:: TASK TO CARRY OUT ::
Produce exactly the lines from the one holding "a person holding" through the last line of the data below, with every picture left out.
---- RECORDS SUPPLIED
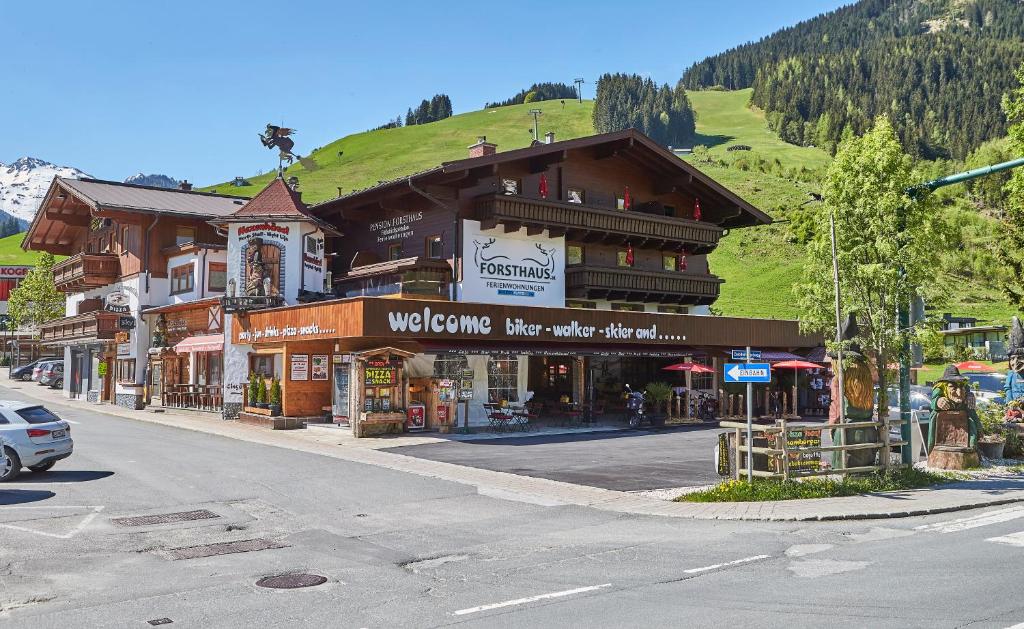 ein Gebäude an der Seite einer Straße mit einem Berg in der Unterkunft Ski & Bike Appartements Forsthaus in Saalbach-Hinterglemm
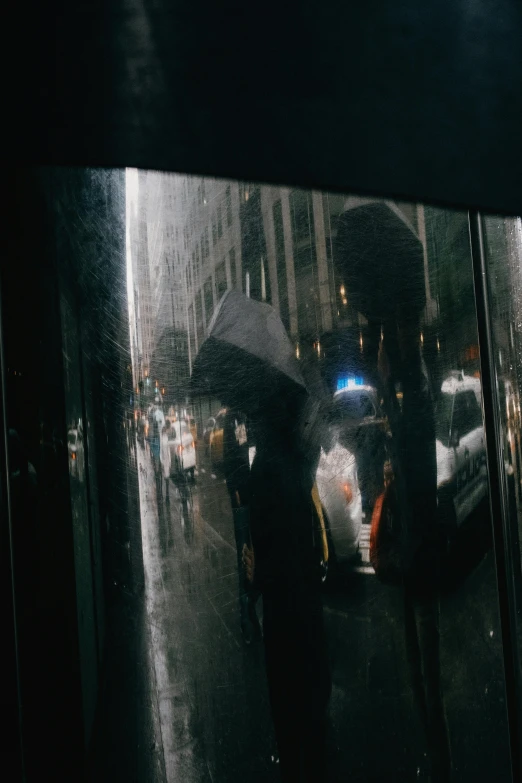 a person holding an umbrella in the rain, inspired by Gordon Parks, photorealism, reflection of phone in visor, color photograph, 1999 photograph, window ( city )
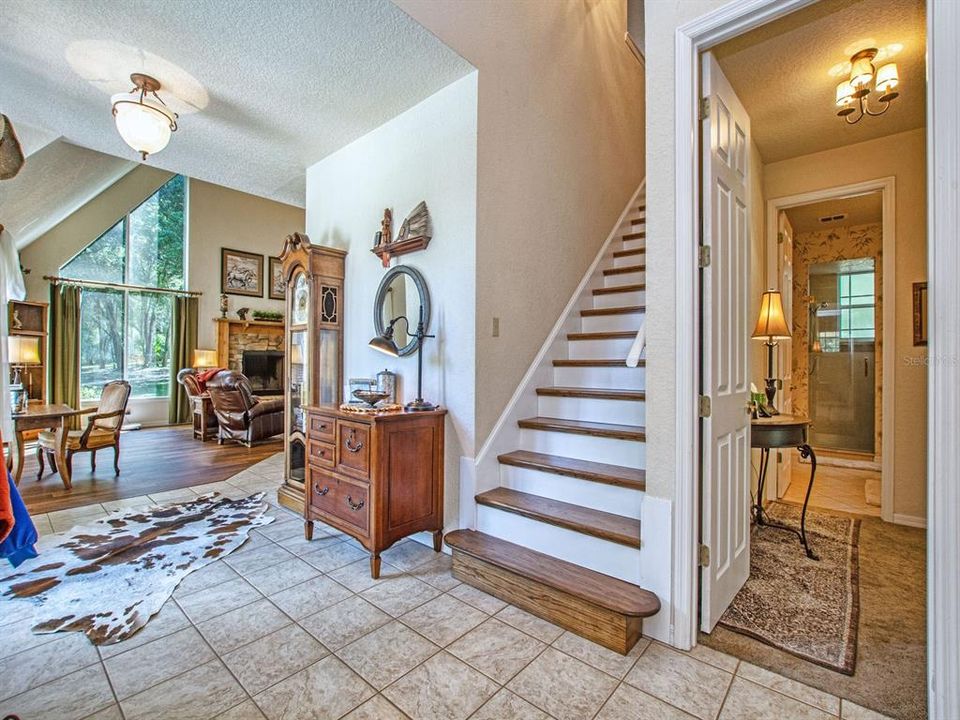 Front Foyer with staircase to upstairs and loft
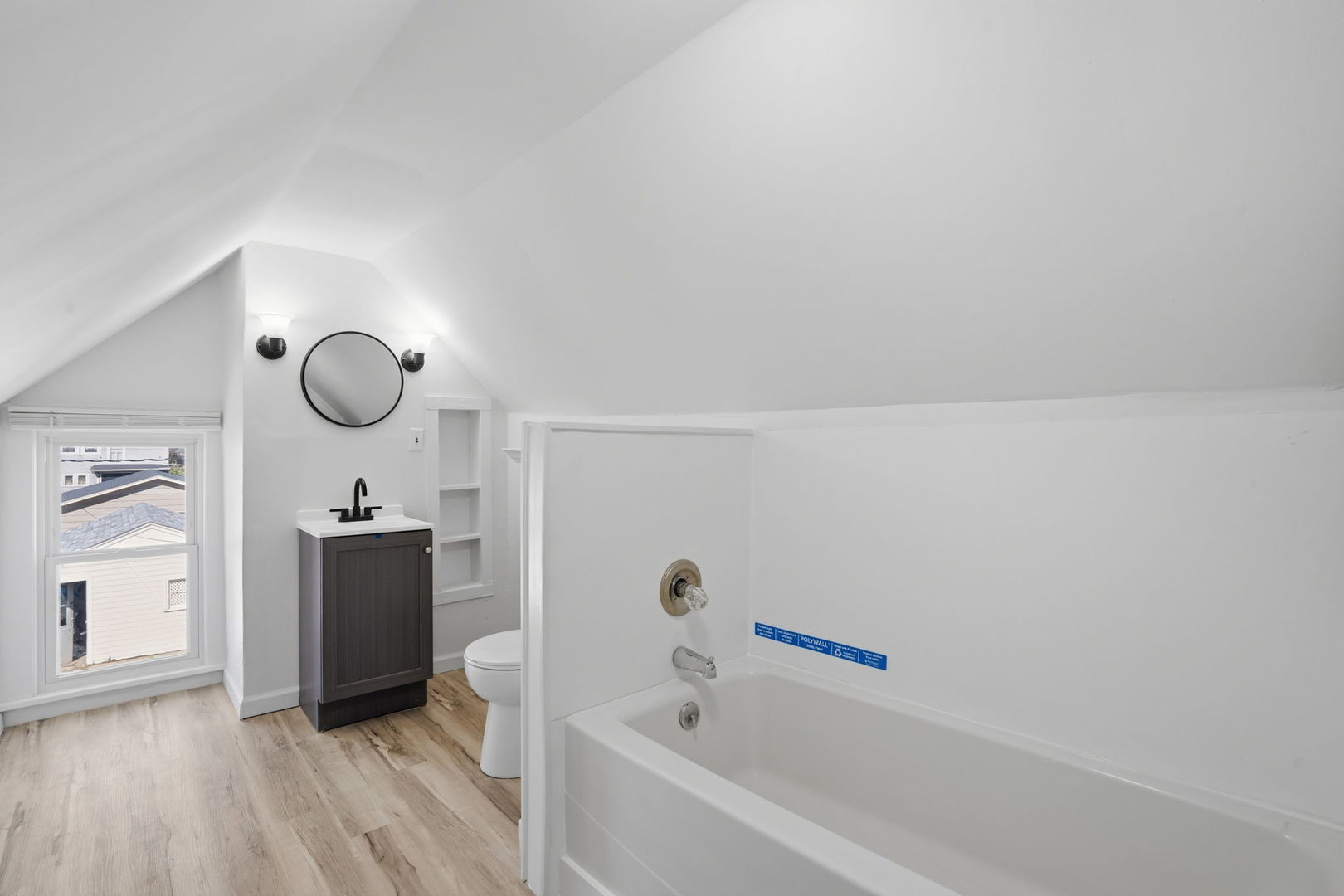 1927 14th Street Moline, IL 61265 - Photo 16 of 25 a bathroom with a tub sink and mirror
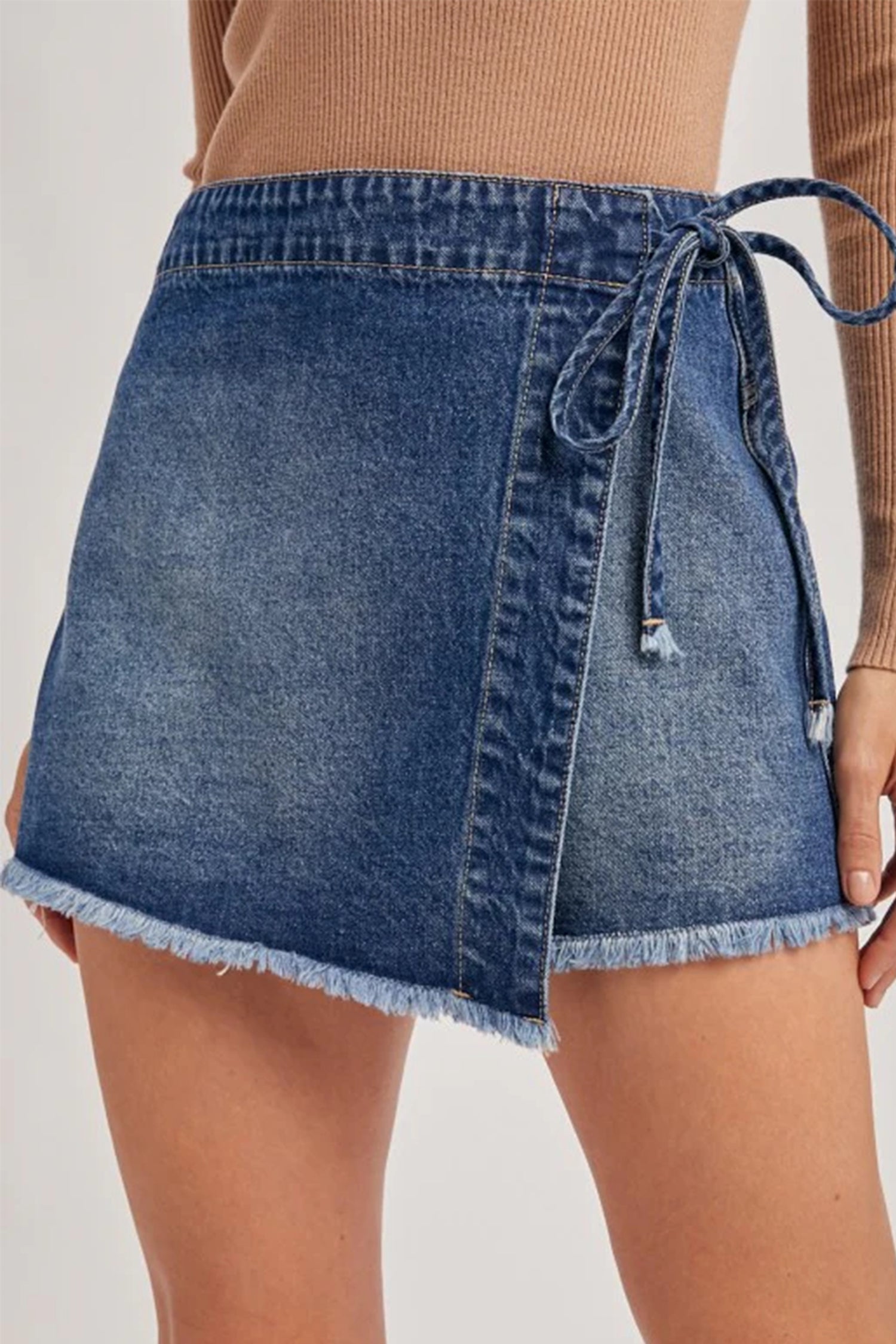Shop Ashleigh Blue Wrapped Tied Waist Denim Skort at LivelyLooks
--------
:: TASK SOLUTION ::
 a person holding an umbrella in the rain, inspired by Gordon Parks, photorealism, reflection of phone in visor, color photograph, 1999 photograph, window ( city )
 Front Foyer with staircase to upstairs and loft
 1927 14th Street Moline, IL 61265 - Photo 16 of 25 a bathroom with a tub sink and mirror
Shop Ashleigh Blue Wrapped Tied Waist Denim Skort at LivelyLooks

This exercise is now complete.